Thursday, 31 July 2014

Happy Birthday!

Harry Potter fans, today is the day. The thirty-fourth birthday of the Chosen One...

HAPPY BIRTHDAY, HARRY JAMES POTTER!


Dear Harry,
You've had so many adventures. The quest for the Philosopher's Stone, which was almost like a live version of a video game. The search for Slytherin's monster, and the fight in the Chamber of Secrets. The search for Sirius Black, who turned out to be your godfather. The Triwizard Tournament, as the youngest participant ever and the only non-Death Eater to see Voldemort's return. You ran Dumbledore's Army under Umbridge's nose and fought Voldemort and the Death Eaters in the Department of Mysteries. You lost Sirius and heard the prophecy in one day. You searched for the Half-blood Prince, who you found was your hated teacher, Severus Snape. You learnt about Horcruxes, and you saw your headmaster killed. You searched for Voldemort's Horcruxes as the Second Wizarding War hung overhead, a storm about to break. You saw many you loved die and found that you were Voldemort's last Horcrux. You sacrificed yourself to defeat Voldemort once and for all. You survived and killed Voldemort. You became the master of all three Deathly Hallows.

You had millions of people, fictional and real, rooting for you, cheering you on. You took us out of our own lives for a while. We laughed and cried with you. You took the world by storm.

Thanks for being with us. You're on my bookshelf, and in the houses and hearts and minds of millions around the world. We're still cheering for you.
Happy birthday!
-Purple Dragonfly

Monday, 21 July 2014

Holes

Oh my goodness, look at that, I haven't posted for almost two months!
How horrifyingly embarassing.

Holes happens to be a book that I personally think is awesome. It won the Newbery medal, which is, as far as I know, an award given in the USA to what the judges think is the best children's book of the year.

Don't quit reading this in disgust after the term "children's book", because a lot of those books are targeted towards teenagers as well, and even adults enjoy them.

Okay, so if you're not convinced...well, here's the review I posted on Goodreads last year.

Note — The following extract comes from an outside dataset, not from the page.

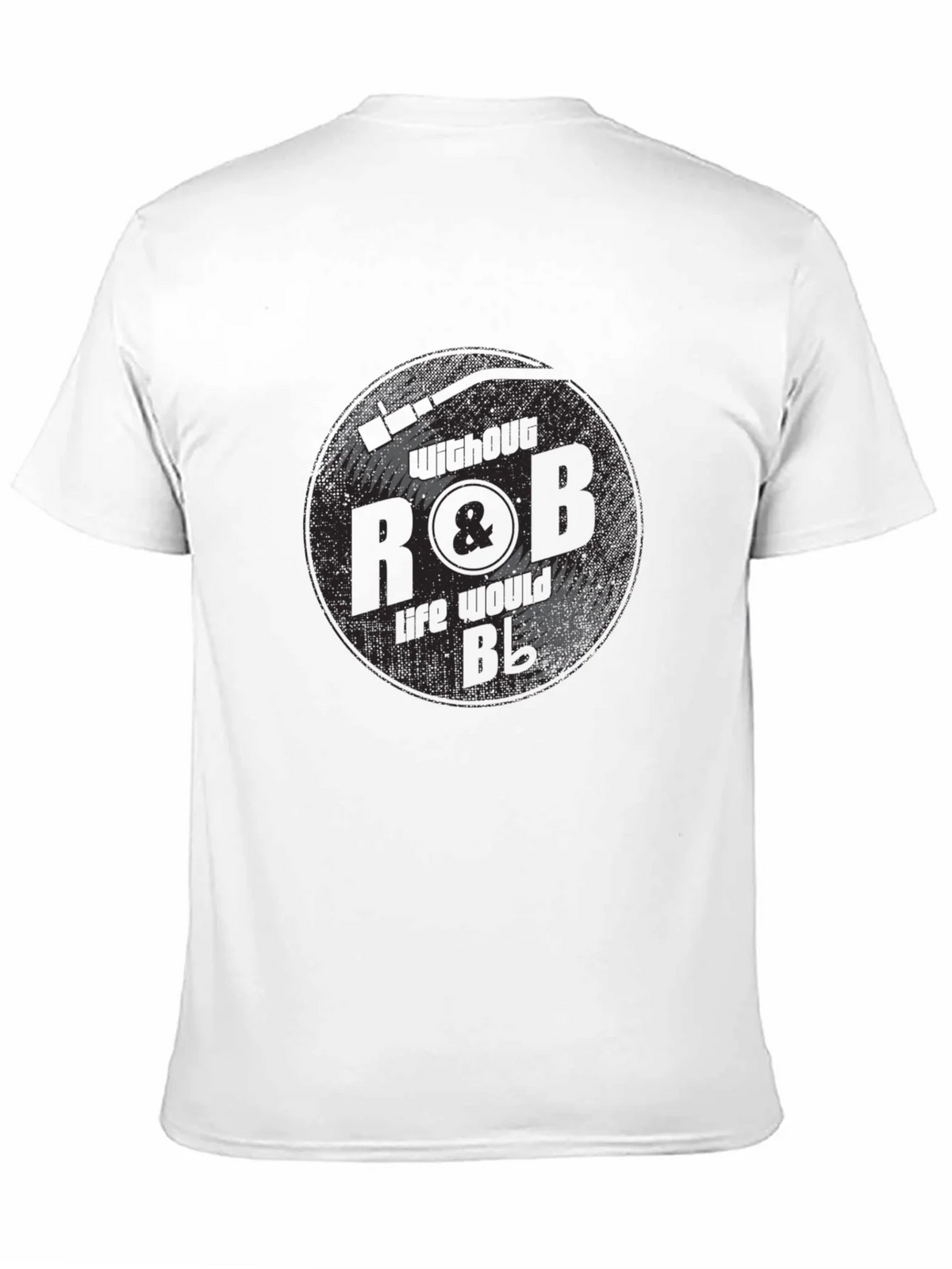 R&B Vinyl Record Graphic Tee - Black product image 2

When I read this book, I decided that it totally deserved that Newbery Medal.
Holes is the story of Stanley Yelnats IV, a singularly unlucky guy from a singularly unlucky family. His family was supposedly cursed when Stanley's no-good-dirty-rotten-pig-stealing-great-great-grandfather broke a promise to a fortune teller.
His dad is an inventor trying to invent a way for shoes not to smell. When a pair of shoes falls out of the sky and hits him on the head, he thinks it's fate. Maybe his luck is changing...
Apparently not. Those shoes once belonged to legendary baseball player, Clyde Livingstone, called Sweetfeet.
Stanley is given a choice- jail or Camp Green Lake. He chooses Camp Green Lake.
There's no lake at Camp Green Lake, a 'correctional facility' in the middle of the dry Texas desert.

Once, the desert used to be a lake, and there was a town. The schoolteacher there, Katherine Barlow, fell in love with an African American onion-seller named Sam. When the townspeople found out, they shot dead Sam.
The sheriff refused to help, and asked Katherine for a kiss instead.
Three days after Sam was killed, Miss Barlow shot the sheriff and left a lipstick mark on his forehead.
She became the feared bandit Kissin' Kate Barlow, and the lake dried up. Twenty years later, when confronted by two people she once knew, she refused to tell anyone where the money she's stolen was.
They could dig holes in the desert for a hundred years, and they wouldn't find the treasure anywhere. Soon after saying this, Kate died from the bite of a poisonous yellow-spotted lizard, laughing.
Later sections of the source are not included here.